I think July is kind of like the Wednesday of months. It’s the hump month. Once we get over July, it’s kind of a downhill slide into the sweet Friday of fall and the weekend of the holidays. At any rate, this July was a productive one in which I discovered a few worthwhile lessons.

  1. The rest you get from a vacation tends to be shortlived. I’m already tired, y’all.
  2. I can live without Instagram (but I don’t like it). Around the middle of the month, Instagram stopped working on my old phone. I don’t know if it just stopped supporting the older Android OS I was using or what, but I couldn’t log in anymore. Of course, I could still go on the web version and look and comment, but without the app I couldn’t post, plus scrolling on a big computer at my desk isn’t nearly as gratifying as scrolling on my phone while lounging on the sofa. At any rate, last weekend I was finally able to upgrade to a new phone, so problem solved.
  3. Except without Instagram, I was way more productive. Since I couldn’t camp out on the sofa and scroll through all those tiny square adventures, I actually got up and did stuff. Namely, I Konmari’d my bedroom closet and filled about five large bags with stuff to either send in to ThredUp or give away.
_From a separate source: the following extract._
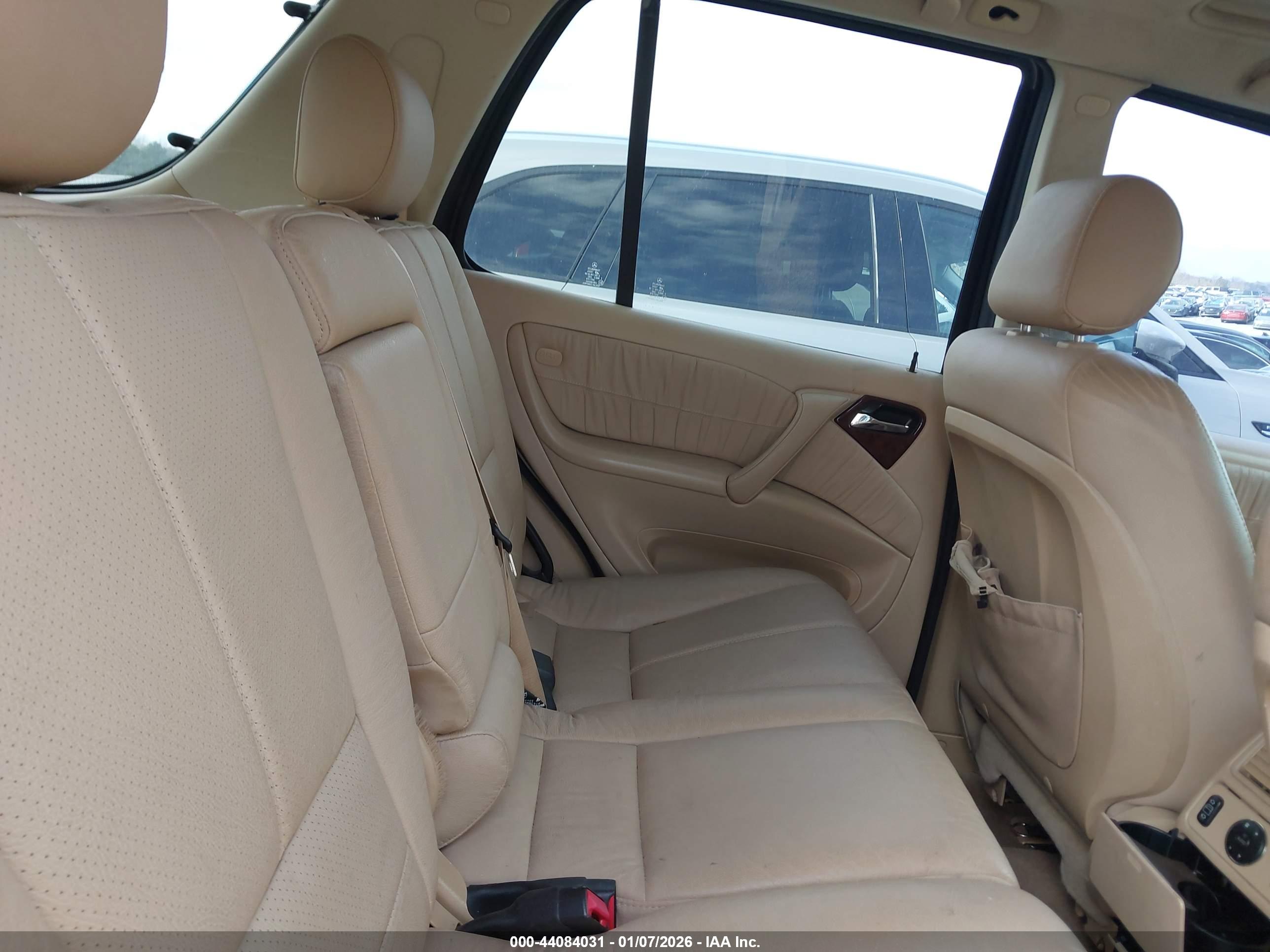 MERCEDES-BENZ ML image 8
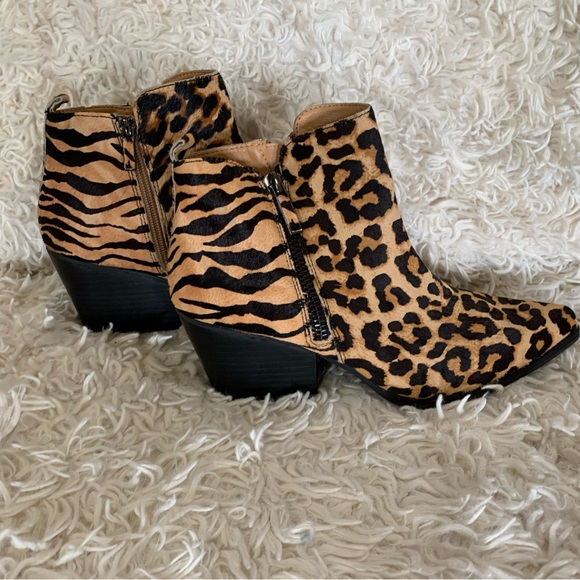 Franco Fortini Leopard Booties Size 10 - Picture 2 of 7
I also finished my novel, did some hoop embroidery and put some stuff on the walls.
  1. It doesn’t have to be perfect to be beautiful. I learned this from The Nester as I spent some time going through her blog and really thinking about our house and what kind of space I want it to be (which is a whole ‘nother post). At any rate, as I cleaned out the closet and came across some posters that I had been saving for “some day” when we would get them framed, I was inspired to stop waiting and go ahead and tack them up sans frames. And do you know what? They look fine.
  2. Grief is hard, but it’s a process you have to walk through slowly, and maybe just sit with for a while. This is not a new lesson, but I got a refresher course a week ago as we said goodbye to our 15 year old kitty, Nibblet. I have a tendency to try and rush through the grieving process, or get to a point where I want it to be over so I run from it, and the results are always disastrous. So I’m being intentional to just let myself miss my cat and be sad and allow these feelings to run their course and not worry about whether my sadness is bringing anybody else down or making them uncomfortable. It’s hard, and it means a lot of random crying, but it beats falling into a pit of depression next time something sad happens because I get overloaded by all the unprocessed grief it stirs up.
  3. I’m not in a season right now where I can give this blog the attention I want to give it. I wish I was, but I’m just not. I want to post more regularly, but between writing and editing my novels and running my freelance writing and editing biz, I don’t have a lot of energy left over for writing thoughtful blog posts. I’m praying that this will change some day and I’ll be able to move blogging higher up on the priority list, because I feel that this is important. It’s kind of the only avenue of ministry I have, and although it’s tiny, every time somebody leaves a comment to tell me that a post touched them or spoke to what they’re dealing with, even if it’s just one person, I know it’s worth it and I’m supposed to be here. I just can’t be here as much as I’d like. So I’m giving myself permission to not try to stick to a posting schedule just yet and only post when the Spirit moves me. Ditto sending out my newsletter.
  4. Hello Cocoa is awesome chocolate. I tend to think I never win anything, and that tends to be true when it comes to major prizes like TVs and computers and major cash, but sometimes I get lucky and win drawings for nice little gifts that are like little shots of joy into my life. This time around, I won a giveaway on Holley Gerth’s blog and got a lovely selection of chocolate from Hello Cocoa in nearby Fayetteville, AR. The prize package included not only five gourmet dark chocolate bars (I would take a picture but we’ve already eaten most of them), but also a big bag of premium cocoa nibs AND another big bag of premium cacao tea. You guys, I learned to love cacao tea years ago but the store where I bought it stopped carrying it after I finished that tin and I haven’t had any since. So now cacao tea and I are reunited and it is the highlight of my day. Well, one of them, anyway. So big thanks to both Holley Gerth and Hello Cocoa. The next time we pass through Fayetteville we’ll definitely be stopping in there.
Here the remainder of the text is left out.